Cette assimilation ne fut pas toujours chose aisée. Les traditions religieuses ont longtemps
survécu à la situation sociale qui en avait été le fondement. Durant des siècles,
l'inquisition a lutté avec acharnement et barbarie contre les traditions judaïques qui
se maintenaient dans la masse des convertis.

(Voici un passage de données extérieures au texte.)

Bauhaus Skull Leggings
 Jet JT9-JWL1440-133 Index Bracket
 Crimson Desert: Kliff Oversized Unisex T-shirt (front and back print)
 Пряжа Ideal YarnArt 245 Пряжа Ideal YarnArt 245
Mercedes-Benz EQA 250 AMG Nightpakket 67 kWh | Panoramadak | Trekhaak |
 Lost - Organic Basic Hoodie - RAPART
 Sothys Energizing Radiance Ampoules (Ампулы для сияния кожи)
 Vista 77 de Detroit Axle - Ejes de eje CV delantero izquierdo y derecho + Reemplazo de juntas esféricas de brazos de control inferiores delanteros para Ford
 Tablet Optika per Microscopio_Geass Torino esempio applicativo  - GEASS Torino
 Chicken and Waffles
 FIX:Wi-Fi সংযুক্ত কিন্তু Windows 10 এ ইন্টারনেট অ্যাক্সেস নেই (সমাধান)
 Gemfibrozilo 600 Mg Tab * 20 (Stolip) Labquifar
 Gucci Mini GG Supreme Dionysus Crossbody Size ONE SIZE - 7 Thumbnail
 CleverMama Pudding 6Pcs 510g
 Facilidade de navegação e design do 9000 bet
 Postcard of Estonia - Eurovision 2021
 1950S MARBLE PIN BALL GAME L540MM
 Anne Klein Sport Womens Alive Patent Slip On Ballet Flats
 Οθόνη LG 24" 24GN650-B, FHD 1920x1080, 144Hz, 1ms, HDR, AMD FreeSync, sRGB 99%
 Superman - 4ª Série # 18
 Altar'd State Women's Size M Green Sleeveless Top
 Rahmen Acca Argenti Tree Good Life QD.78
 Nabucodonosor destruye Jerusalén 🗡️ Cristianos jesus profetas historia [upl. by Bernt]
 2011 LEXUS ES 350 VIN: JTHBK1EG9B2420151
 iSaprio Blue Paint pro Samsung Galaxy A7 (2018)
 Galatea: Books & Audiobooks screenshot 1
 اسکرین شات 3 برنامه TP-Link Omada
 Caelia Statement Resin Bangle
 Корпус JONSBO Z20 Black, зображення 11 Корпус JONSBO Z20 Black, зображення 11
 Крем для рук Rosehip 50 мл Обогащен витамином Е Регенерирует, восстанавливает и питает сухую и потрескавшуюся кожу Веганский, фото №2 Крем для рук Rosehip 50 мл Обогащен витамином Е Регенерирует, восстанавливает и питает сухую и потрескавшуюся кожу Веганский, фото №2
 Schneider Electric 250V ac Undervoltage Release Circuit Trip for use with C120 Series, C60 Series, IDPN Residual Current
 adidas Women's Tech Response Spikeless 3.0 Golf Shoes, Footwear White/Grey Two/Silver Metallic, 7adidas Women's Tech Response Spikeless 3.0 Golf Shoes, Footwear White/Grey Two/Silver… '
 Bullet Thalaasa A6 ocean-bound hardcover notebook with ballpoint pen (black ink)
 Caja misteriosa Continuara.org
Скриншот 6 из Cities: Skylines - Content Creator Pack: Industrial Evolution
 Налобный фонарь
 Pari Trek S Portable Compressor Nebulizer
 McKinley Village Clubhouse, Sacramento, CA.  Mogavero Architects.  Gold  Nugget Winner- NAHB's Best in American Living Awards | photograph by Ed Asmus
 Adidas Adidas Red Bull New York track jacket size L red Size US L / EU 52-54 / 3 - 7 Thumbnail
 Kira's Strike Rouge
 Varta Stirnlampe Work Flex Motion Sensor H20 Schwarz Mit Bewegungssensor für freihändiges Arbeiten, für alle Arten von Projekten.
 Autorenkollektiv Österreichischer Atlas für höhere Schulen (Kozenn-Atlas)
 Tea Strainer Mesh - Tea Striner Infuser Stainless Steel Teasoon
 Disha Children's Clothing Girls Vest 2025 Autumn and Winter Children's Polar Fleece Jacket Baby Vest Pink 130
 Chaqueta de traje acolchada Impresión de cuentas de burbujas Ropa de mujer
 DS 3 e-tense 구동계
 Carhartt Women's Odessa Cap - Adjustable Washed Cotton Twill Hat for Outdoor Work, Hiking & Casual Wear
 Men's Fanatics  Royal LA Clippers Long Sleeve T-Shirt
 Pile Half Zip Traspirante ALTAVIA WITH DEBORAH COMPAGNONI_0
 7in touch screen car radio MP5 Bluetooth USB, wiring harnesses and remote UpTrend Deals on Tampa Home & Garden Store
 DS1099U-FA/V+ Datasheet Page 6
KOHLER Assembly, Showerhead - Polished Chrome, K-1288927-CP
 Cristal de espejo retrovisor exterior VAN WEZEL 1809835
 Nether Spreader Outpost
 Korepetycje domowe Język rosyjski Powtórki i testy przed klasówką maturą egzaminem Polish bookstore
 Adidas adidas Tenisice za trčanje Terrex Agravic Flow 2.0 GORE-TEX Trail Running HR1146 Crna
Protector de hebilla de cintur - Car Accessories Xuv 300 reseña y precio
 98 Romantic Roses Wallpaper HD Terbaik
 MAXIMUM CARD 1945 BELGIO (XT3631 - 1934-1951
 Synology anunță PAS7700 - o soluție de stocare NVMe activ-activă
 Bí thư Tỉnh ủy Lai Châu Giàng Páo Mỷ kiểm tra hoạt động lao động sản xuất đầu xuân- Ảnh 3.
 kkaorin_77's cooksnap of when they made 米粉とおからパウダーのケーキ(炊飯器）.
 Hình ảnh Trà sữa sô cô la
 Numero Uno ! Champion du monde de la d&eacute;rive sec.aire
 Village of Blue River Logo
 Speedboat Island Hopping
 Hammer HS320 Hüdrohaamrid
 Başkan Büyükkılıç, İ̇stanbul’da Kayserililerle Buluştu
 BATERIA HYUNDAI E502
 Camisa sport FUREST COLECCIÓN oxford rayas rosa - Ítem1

Les Juifs qui pénétrèrent dans la classe marchande acquirent une certaine notoriété
sous le nom de « nouveaux chrétiens », principalement en Amérique et aussi à
Bordeaux et à Anvers. Encore, dans la première moitié du XVII° siècle, toutes les
grandes plantations de sucre étaient aux mains des Juifs au Brésil. Par le décret du 2
mars 1768, tous les registres concernant les nouveaux chrétiens sont détruits ; par la
loi du 24 mars 1773, les « nouveaux chrétiens » sont rendus égaux en droit aux anciens
chrétiens.

En 1730, les Juifs possèdent à Surinam 115 plantations sur 344. Mais contrairement
aux époques antérieures, l'activité des Juifs en Amérique ne portait plus le caractère
économique particulier, ne se distinguait en rien de l'activité des chrétiens. Le
marchand « nouveau chrétien » se différenciait peu du marchand « ancien chrétien ».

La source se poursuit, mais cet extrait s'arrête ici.